Historical Development of Optical Brightening Agents:


Numerous materials especially textiles, both classical {Cotton, wool, linen and silk} and synthetic {mainly polyamide, polyester and polyacrylonitrile }, are not completely white and efforts have been made since ancient times to free from their yellowish tinges. Bleaching in the sun, blueing and later chemical bleaching of textile and other materials increased the brightness of the products and eliminated to a certain extent the yellowish tinge to greyish yellow hue or the local impurity of the original or industrially treated material. When Optical brighteners first came up they were regarded as bleaching auxiliaries, which enabled a shorter or a milder bleach when used in very small quantities {Approximately 0.001 to 0.05% }. They were also called as Optical Bleaching Agents. Cotton and linen bleachers knew 200 years ago the effect of bleaching could be improved with the help of horse chestnut extracts. This is due to the fact the inner bark of the horse chestnut contains aesculin or esculinic acid, a glucoside which is a derivative of coumarin and which has ultra violet fluorescence. Scientist recommended aesculin for improving the whiteness on the basis of theoretical considerations. An aqueous solution of aesculin proved more suitable, but had two major draw backs. Firstly it was not fast to washing and secondly aesculin on the fiber was very sensitive to light. Then came the introduction of organic products based on Diaminostilbine sulphonic acid derivatives.

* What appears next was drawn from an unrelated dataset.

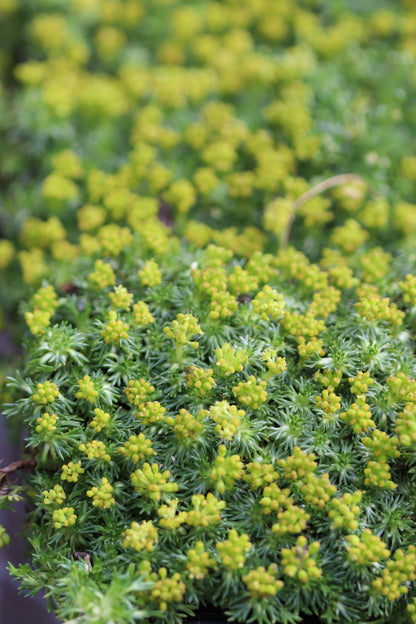 *RETAIL - Bolax gummifera 'Nana'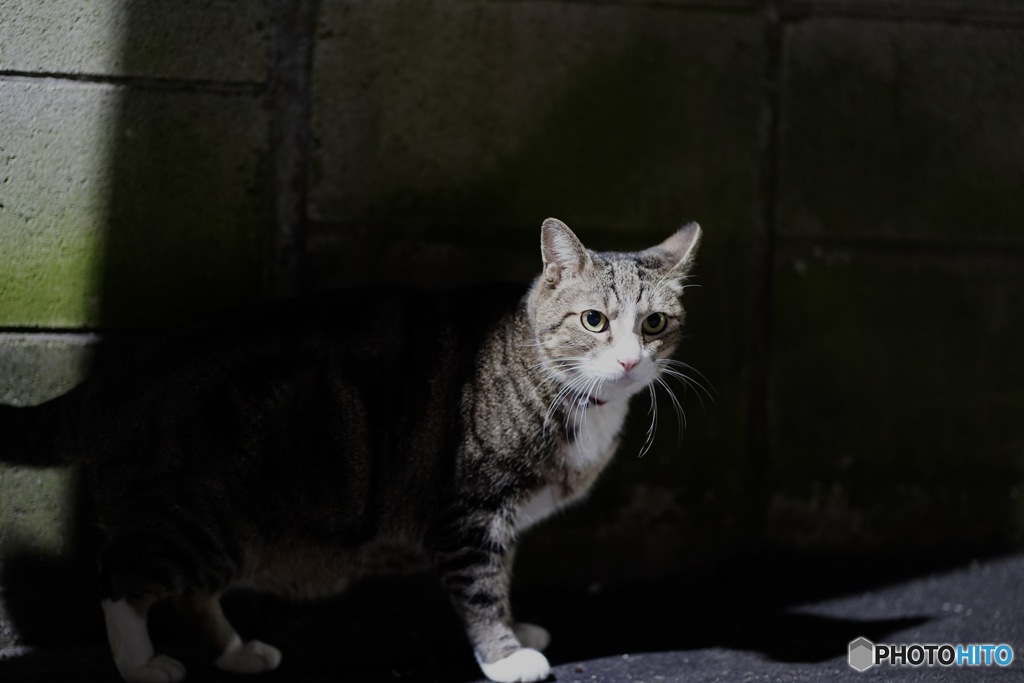 夜猫53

Fluorescence of Optical Brighteners: {Mechanism}


Brightening is neither bleaching nor blueing. Fluorescent colours will reflect more light than they can absorb from the visible range of the spectrum. Whiteness can also be increased by using substances which would give colourless solutions but were strongly fluorescent. Fluorescence is produced by the absorption of radiation having a high energy on the part of the molecule, which re-emits this radiation as a radiation of lower energy i.e. of longer wavelength, the difference in energy being transformed in to kinetic energy. To enable a molecule to fulfill this function, it must be built according to certain structural principles. For example Anthranilic acid has very strong blue violet fluorescence in its aqueous solution, but nevertheless unsuitable as a brightener.


Most of the brighteners will hardly fluoresce in powder form; their fluorescence will only appear in solution. There are some types, which will not fluoresce in solution and will only show this property after they have been applied on the fiber. Thus, it can be concluded that fluorescence is not only dependent on the structure of the molecule but also on its condition. Whether a fluorescent substance is suitable as a brightener can only be determined after it has been applied to the textile fiber. Apart from this the product must meet certain demands in respect of properties such as fastness to washing and light etc. On comparing different textile fabrics treated with different brighteners and possessing approximately the same brightness, differences in hue can be detected, since the human eye is particularly sensitive to differences in whiteness. If an optically brightened fabric with reddish white shade is compared with another fabric having a greenish white shade, both of which appear to be equally brilliant if viewed in daylight which is incident from a northerly direction, it will be seen that the greenish shade will appear more brilliant than a reddish one in bright sunlight.